La stratégie Zelensky face à l’imprévisibilité américaine
Face à l’incertitude américaine, Zelensky a développé une stratégie claire : diversifier les sources d’armement et de financement. Le PURL, les paquets bilatéraux européens, les accords de co-production, l’initiative Drone Deal — tout cela est conçu pour réduire la dépendance ukrainienne à l’égard d’une Maison-Blanche dont la politique change avec les tweets et les appels téléphoniques. Ce n’est pas de l’anti-américanisme. C’est de la prudence stratégique élémentaire.
La réussite du Ramstein du 18 juin illustre précisément cette stratégie : même sans annonce spectaculaire de Washington, les alliés européens ont produit 4 milliards de dollars.
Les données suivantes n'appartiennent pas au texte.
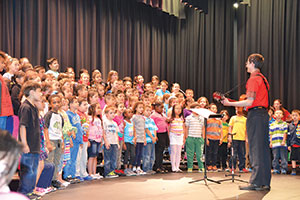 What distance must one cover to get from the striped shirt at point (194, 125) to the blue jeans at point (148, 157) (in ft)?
3.10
L’Europe apprend, à vitesse forcée, à ne pas systématiquement attendre l’oncle Sam pour agir. Et Zelensky, par ses discours, ses visites et ses pressions constantes, est l’un des principaux architectes de cette nouvelle autonomie stratégique européenne.
La relation Zelensky-Trump me fascine et me trouble à la fois. Trump est ce que j’appelle un mal nécessaire : sa fermeté sur les dépenses de défense OTAN a forcé les Européens à se bouger, et sa pression économique sur la Russie via les sanctions pétrolières a mordu. Mais son inconstance est un danger structurel pour la coalition. Zelensky a compris que miser sur Trump seul était suicidaire. C’est sa plus grande sagesse stratégique.
Le communicant de guerre : un talent unique
La diplomatie de la reconnaissance
L’une des innovations les plus sous-estimées de la politique extérieure ukrainienne est ce que j’appelle la diplomatie de la reconnaissance. À chaque sommet, Zelensky nomme les pays généreux, cite leurs contributions, les remercie publiquement et chaleureusement. Cette pratique crée un double effet : elle récompense symboliquement les bons élèves et, par contraste implicite, souligne le retard des autres. C’est une forme de pression douce mais persistante, exercée non pas par la critique mais par la valorisation.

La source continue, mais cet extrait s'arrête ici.